Agak janggal melihat Jaemin bersusah payah menarik perhatian seseorang karena biasanya dia lah yang menjadi pusat perhatian. Akan tetapi, pâtissier di kafe Honeyluu sepertinya terlalu fokus pada adonan kue-kue yang mereka hidangkan kepada pelanggan, sehingga membuat Jaemin merasa bahwa dirinya perlu berusaha lebih keras dan kreatif.

Jeno menyipitkan mata, lalu menerima kotak kue dari tangan Jaemin. “Kamu mau pura-pura jadi penyayang kucing demi dia? Bohong dong.”

“Aku enggak bohong, toh aku enggak akan bilang kalau ini kucingku. Aku cuma bawa Seol ke sana.”

“Untuk menunjukkan kalau kamu suka kucing dan memberi implikasi kalau kucing itu punya kamu.”

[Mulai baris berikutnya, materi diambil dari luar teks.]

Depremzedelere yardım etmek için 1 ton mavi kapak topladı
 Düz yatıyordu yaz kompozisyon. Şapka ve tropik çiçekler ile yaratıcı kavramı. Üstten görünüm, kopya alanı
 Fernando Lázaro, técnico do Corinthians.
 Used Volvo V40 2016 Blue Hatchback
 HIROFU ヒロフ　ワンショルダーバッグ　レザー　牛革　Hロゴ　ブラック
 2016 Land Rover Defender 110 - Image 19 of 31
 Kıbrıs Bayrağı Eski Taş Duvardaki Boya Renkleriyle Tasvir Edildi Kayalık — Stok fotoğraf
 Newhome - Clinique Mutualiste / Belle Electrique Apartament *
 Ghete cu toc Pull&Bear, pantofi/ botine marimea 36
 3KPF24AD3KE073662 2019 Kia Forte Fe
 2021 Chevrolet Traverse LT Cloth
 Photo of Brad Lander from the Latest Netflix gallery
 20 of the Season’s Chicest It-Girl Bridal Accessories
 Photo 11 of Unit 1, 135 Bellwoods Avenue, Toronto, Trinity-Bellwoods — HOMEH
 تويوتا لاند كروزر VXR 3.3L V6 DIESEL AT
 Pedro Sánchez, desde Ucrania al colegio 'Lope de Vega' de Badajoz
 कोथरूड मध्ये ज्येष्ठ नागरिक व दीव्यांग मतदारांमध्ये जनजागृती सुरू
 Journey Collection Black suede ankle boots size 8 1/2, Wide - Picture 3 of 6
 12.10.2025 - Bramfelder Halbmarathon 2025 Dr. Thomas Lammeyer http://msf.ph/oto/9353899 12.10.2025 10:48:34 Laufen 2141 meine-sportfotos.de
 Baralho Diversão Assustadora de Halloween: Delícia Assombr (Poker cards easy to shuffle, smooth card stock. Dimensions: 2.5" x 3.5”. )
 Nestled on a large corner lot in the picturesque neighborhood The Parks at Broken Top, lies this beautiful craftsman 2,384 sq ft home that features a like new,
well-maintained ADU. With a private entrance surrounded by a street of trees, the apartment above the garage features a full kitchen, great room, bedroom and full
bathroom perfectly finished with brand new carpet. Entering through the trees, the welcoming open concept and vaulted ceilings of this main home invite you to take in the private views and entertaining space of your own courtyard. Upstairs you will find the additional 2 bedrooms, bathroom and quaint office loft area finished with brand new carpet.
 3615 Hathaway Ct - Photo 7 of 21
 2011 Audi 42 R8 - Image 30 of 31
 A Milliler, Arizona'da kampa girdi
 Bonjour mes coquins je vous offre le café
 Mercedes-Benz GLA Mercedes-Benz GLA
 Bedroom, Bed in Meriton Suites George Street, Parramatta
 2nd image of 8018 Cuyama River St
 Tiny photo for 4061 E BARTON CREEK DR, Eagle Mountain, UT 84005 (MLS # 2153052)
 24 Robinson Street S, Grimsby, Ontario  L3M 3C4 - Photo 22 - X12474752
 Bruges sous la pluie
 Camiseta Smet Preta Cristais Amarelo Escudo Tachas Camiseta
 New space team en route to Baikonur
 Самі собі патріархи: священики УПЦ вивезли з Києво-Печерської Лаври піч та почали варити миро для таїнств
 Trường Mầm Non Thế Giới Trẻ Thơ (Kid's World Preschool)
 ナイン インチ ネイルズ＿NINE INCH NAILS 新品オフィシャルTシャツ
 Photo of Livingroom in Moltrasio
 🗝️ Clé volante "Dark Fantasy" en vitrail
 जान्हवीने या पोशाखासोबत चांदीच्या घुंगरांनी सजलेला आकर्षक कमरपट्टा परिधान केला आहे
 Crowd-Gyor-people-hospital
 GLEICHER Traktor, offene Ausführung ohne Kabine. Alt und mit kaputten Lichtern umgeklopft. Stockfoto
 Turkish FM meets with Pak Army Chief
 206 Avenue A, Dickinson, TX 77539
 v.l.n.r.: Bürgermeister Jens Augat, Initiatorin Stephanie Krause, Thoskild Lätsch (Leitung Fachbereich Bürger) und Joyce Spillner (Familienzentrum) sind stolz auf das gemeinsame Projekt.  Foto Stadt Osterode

Jaemin menggeleng lalu tersenyum, “Aku emang suka kucing. Kamu lupa ya, waktu tahun pertama di klub, aku pernah naik ke pohon di taman kota untuk menyelamatkan kucing belang yang galak? Pelipisku dicakar dalam sekali dan meninggalkan bekas sampai sekarang. Tapi aku enggak menaruh dendam tuh.” Salah satu kucing Jeno terbangun, menguap dan merentangkan tubuh. Jaemin menarik satu langkah mundur. Jaemin memang suka kucing, tapi cakaran—yang katanya tidak seberapa itu—nyatanya membuat trauma ringan. “Kamu enggak potong kukunya Nal?”

“Kucing butuh itu untuk pertahanan diri, lagipula, mereka enggak akan nyakar sembarang orang kok.” Jeno berjingkat dari sofa, mengambil sebuah garpu dan piring kecil untuk dirinya sendiri.

“Oh iya, tahu enggak, hari ini dia ngomongin pertandingan kita kemarin. Dia bilang, dia seneng banget karena kita menang. Dia tuh ... aduh, kalau senyum, dunia rasanya berhenti berputar. Aku sampai bingung harus ngomong apa.”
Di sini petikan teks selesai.